- [Required work]:
Verbatim copy without images: return all of the data as it stands.

- [Dataset excerpt]:

┄┄┄┄┄┄

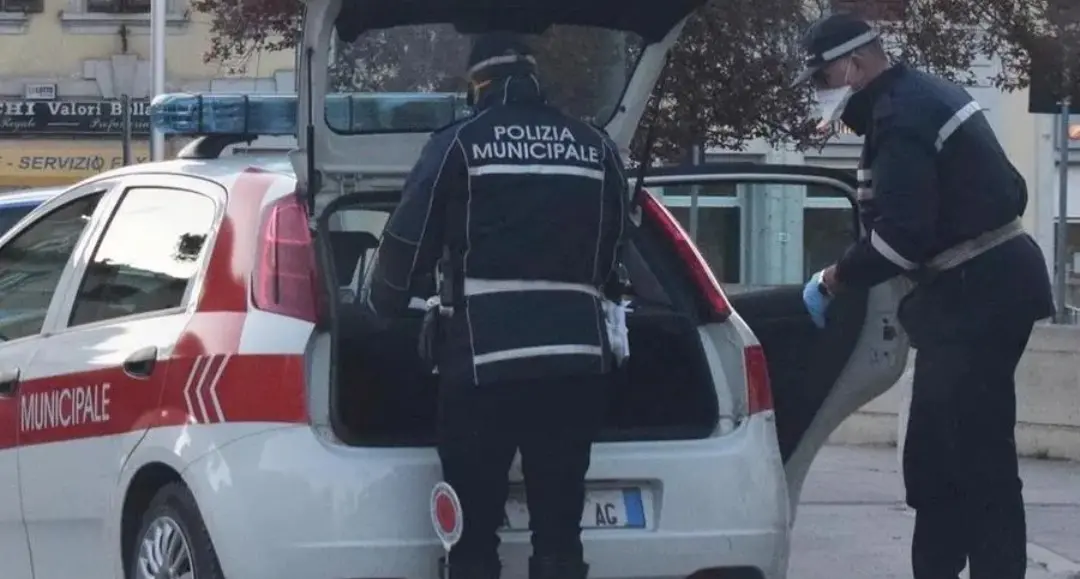 Provoca un incidente e si allontana, rintracciata dalla Polizia Municipale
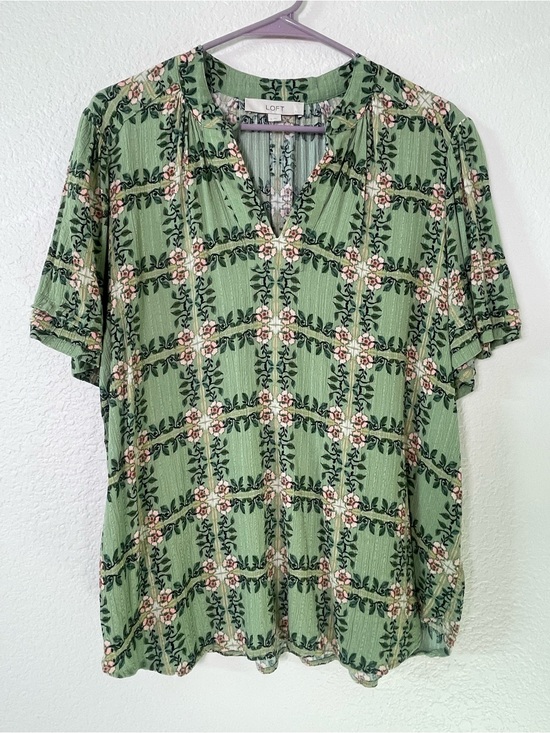 LOFT Tops - LOFT Green Floral Viscose Split Neck Blouse Size L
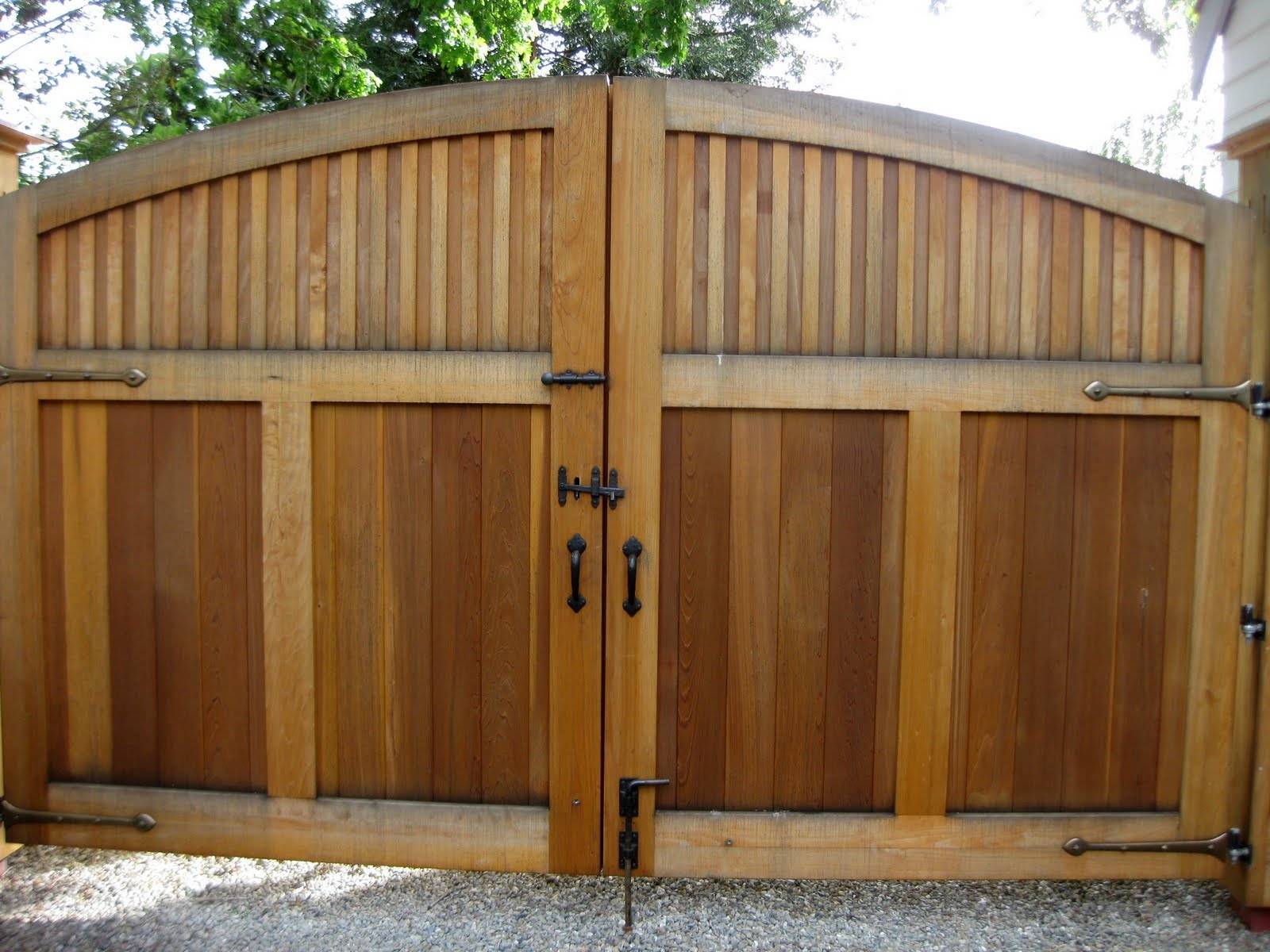Распашные ворота для гаража: как сделать и закрепить своими руками, установка в брусовый гараж легких деревянных ворот, чертежи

┄┄┄┄┄┄

- [Answer to this exercise]:
 Provoca un incidente e si allontana, rintracciata dalla Polizia Municipale
 LOFT Tops - LOFT Green Floral Viscose Split Neck Blouse Size L
Распашные ворота для гаража: как сделать и закрепить своими руками, установка в брусовый гараж легких деревянных ворот, чертежи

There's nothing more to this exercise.